La croisade des pastoureaux

La nouvelle que Saint Louis vient d'être fait prisonnier avec deux de ses frères devant le Caire avait provoqué en France l'incrédulité et la révolte. Comment un roi si pieux a-t-il pu être abandonné de Dieu ?

Blanche de Castille accueillant les pastoureaux qu'elle soutiendra dans un premier temps avant de vouloir les repousser. Gravure du XIXe. TEMPLE DE PARIS
Blanche de Castille accueillant les pastoureaux qu'elle soutiendra dans un premier temps avant de vouloir les repousser. Gravure du XIXe.

Accusation d'impiétés

 

Divers prédicateurs populaires ont, à cette angoissante question, une réponse en réserve : c'est parce que la chevalerie chrétienne est une chevalerie pécheresse.

Un certain Jacques, moine hongrois de l'ordre de Cîteaux, se révèle particulièrement charismatique.

Nommé le "maître de Hongrie", il prétend avoir reçu de la Vierge une lettre affirmant que les puissants, les riches et les orgueilleux ne pourront jamais reprendre Jérusalem, mais que seuls y parviendront les pauvres, les humbles et les bergers, dont il doit être le guide. L'orgueil de la chevalerie, dit la lettre, a déplu à Dieu. Cet imposteur vit son pouvoir croître : lui qui portait toujours sur lui cette fameuse lettre

de la Vierge est bientôt entouré de milliers de pauvres.

 

L'armée des bergers

 

À l'époque, le terme "pastoureaux" désignait les bergers : ceux-ci étant majoritaires autour du moine de Hongrie, il donna son nom à cette croisade. Des milliers de bergers et de paysans prennent la croix et marchent vers Paris, armés de haches, de couteaux, de fourches et de bâtons afin de s'en aller en Terre Sainte.

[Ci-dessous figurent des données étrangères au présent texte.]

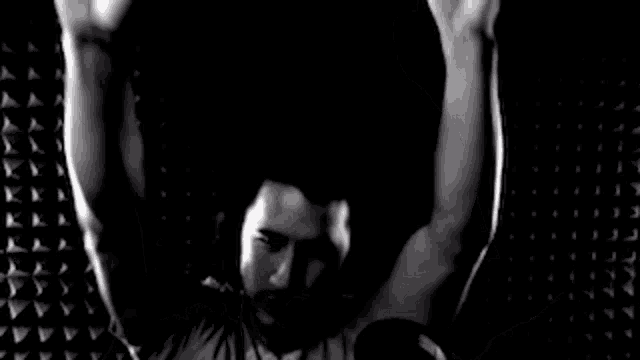 a black and white photo of a man making a devil horns sign with his hands .
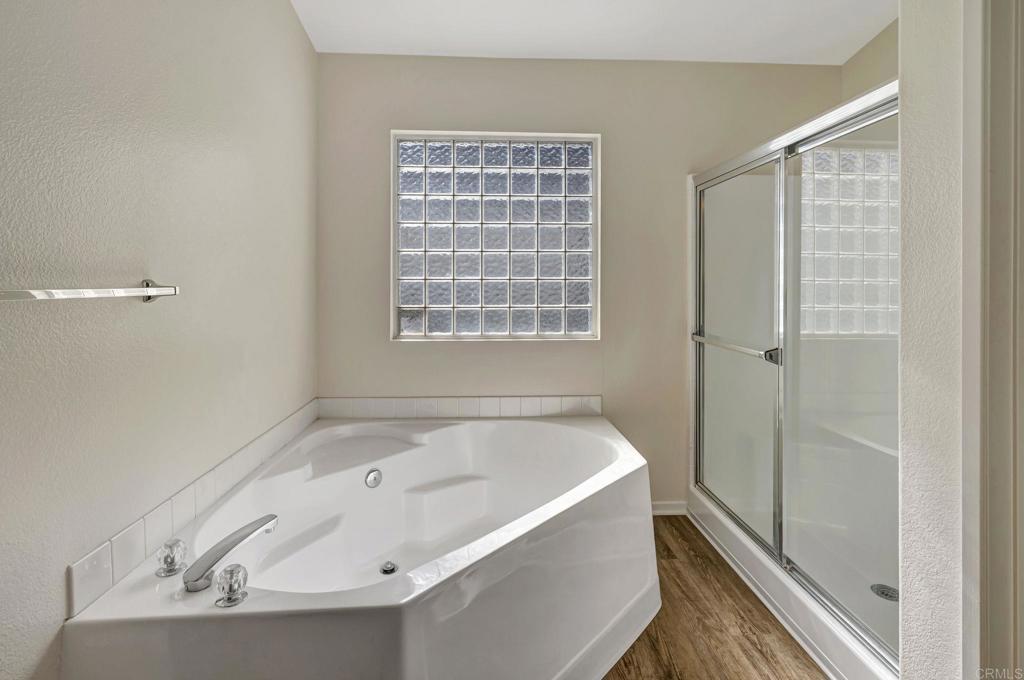 2775 Lobelia Road Alpine, CA 91901 - Photo 16 of 25 a white bath tub sitting next to a shower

Ils sont 30 000 à Amiens, peut-être 50 000 à Paris, où Blanche de Castille les reçoit. Tout d'abord, elle accepte de les soutenir – ils sont nombreux et se réclament du Christ.

Les pastoureaux de la troisième croisade tentent d'incendier la tour de Verdun-sur-Garonne, en Languedoc, où 500 juifs avaient trouvé refuge. TEMPLE DE PARIS
Les pastoureaux de la troisième croisade tentent d'incendier la tour de Verdun-sur-Garonne, en Languedoc, où 500 juifs avaient trouvé refuge. Chronique de France, XIVe siècle.

Des Fanatiques

 

Mais bientôt le mouvement dégénère : non seulement des bandes d'enfants qui s'étaient joints à eux y meurent de faim, mais surtout ils développent une idéologie dangereuse. Les pastoureaux dénoncent les abbés et les prélats qui seraient cupides et orgueilleux. Ils s'en prennent aussi à la chevalerie qu'ils accusent de mépriser les pauvres et de tirer profit de la croisade.

 

Des conflits s'ensuivent avec le clergé dans plusieurs villes.

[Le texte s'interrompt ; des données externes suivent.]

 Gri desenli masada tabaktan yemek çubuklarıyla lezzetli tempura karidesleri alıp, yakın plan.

À Orléans, l'un d'eux s'étant mis à prêcher, un étudiant lui dit : "Tais-toi, menteur, hérétique et méchant, tu trompes le peuple et tu as menti par la gorge". Un pastoureau frappa de sa hache l'étudiant.

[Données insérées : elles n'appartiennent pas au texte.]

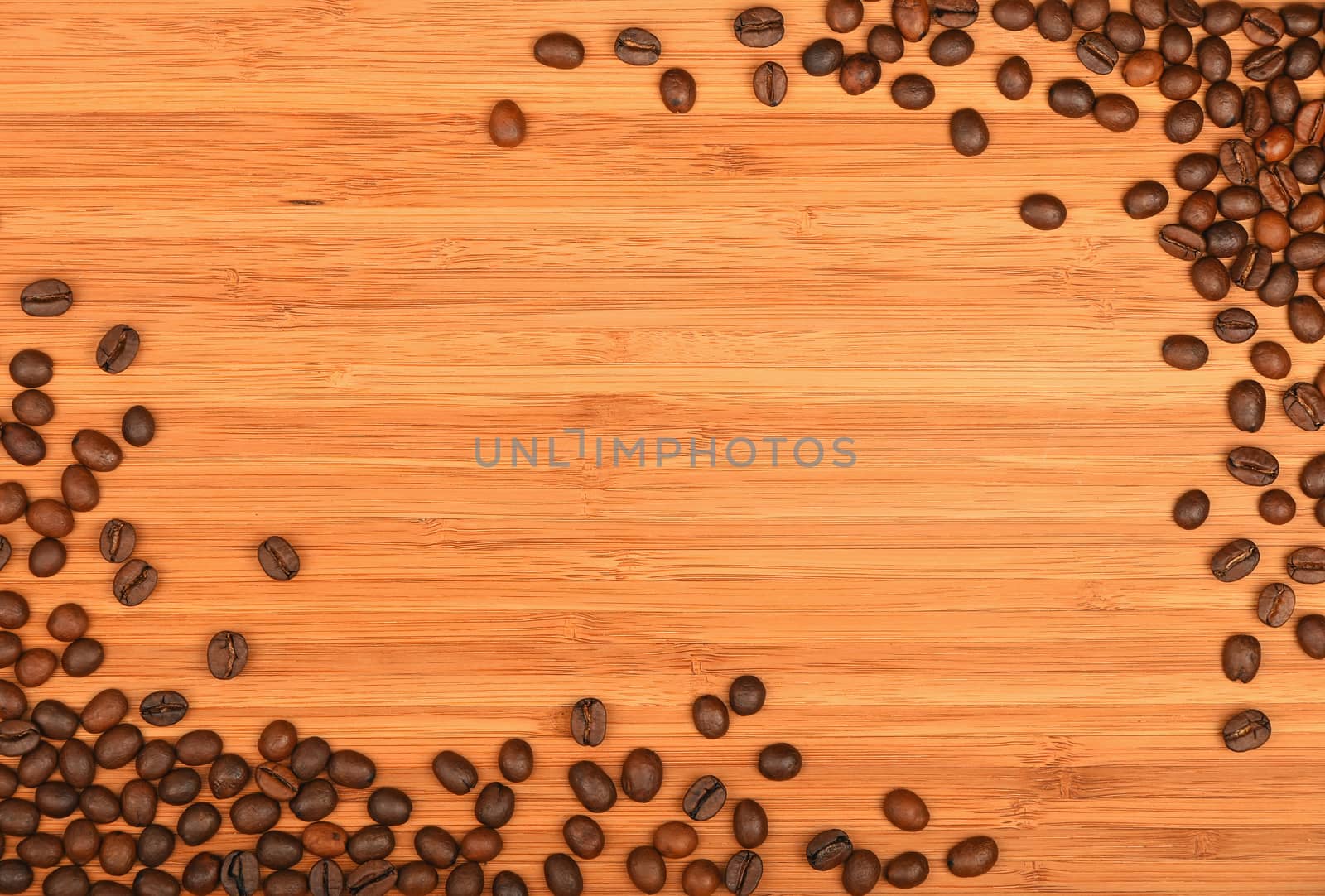 Roasted Arabica coffee espresso beans shape corners border over wooden bamboo board background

La scène tourne au massacre, vingt-cinq prêtres furent assassinés. Ailleurs, cette croisade des pauvres conduit à des scènes de pillage – ainsi à Bordeaux, où Simon V de Montfort doit réprimer les pastoureaux. Le mouvement s'étend en Rhénanie et dans le nord de l'Italie, or il est trop dangereux tant du point de vue social que politique pour être toléré par les puissants. Une excommunication est lancée, la répression est de plus en plus féroce, le moine de Hongrie est tué lors d'une prédication et seuls quelques rescapés parviennent jusqu'à Marseille et s'embarquent pour Acre, où ils rejoignent les croisés.